So. My novella, Brine and Bone, is now available on Amazon.
Here are the links: print and eBook.
I hit “publish” at 12:01 a.m. yesterday and then went to bed. They say it can take 72 hours for the pages to appear in Amazon’s marketplace, but they were up by 8:00 a.m. However, the product image was missing, and I liked the cover enough that I wanted it there before I shared any links.
By the time it showed up, I had moved on to other things.
Which is why this announcement comes a day late.
(For shame, I know. I’ll go sit in the corner and think about my actions.)
A Novella Conundrum
Every time I release one of my monsters into the wild, I fight a raging temptation to make excuses for it. Usually I resist. Today, I will cave on two points:
- It’s only a novella. (Picture Patsy from Monty Python and the Holy Grail muttering that line.) The novella is a lovely medium, but it’s small and requires narrative constraint, by design.

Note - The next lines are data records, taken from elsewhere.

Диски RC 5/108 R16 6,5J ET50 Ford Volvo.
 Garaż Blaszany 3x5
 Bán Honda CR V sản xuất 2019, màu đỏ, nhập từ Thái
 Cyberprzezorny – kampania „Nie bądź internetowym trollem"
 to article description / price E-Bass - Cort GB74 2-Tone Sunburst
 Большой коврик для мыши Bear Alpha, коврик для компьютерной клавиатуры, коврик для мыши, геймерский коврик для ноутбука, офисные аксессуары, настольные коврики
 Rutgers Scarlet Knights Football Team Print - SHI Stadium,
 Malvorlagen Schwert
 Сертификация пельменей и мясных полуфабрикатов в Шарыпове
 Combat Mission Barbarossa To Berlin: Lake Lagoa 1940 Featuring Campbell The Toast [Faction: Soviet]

- I’m playing in someone else’s sandbox. The story is pinned pretty closely to the Andersen fairy tale. Of course I interpret it through my own lens, but I also tried to honor that original source. (In other words, if you only know the Disney retelling, don’t @ me with complaints, lol.)
As a side note, Amazon’s spellcheck tool apparently dislikes words that rhyme with “bitter.” It flagged me for the variants of “chitter,” “flitter,” and “jitter” that occur within this book. I had a brief existential crisis before confirming that these were, in fact, real words.
And then I had a brief introspection on why my narrative might have gravitated so often toward *itter words. (Pretty sure variants of “glitter” and “litter” are somewhere in this book as well.) The jury’s still out. I will strive not to fall into a phonetic rut on future projects, though.
And that is all. Go forth, my beauties!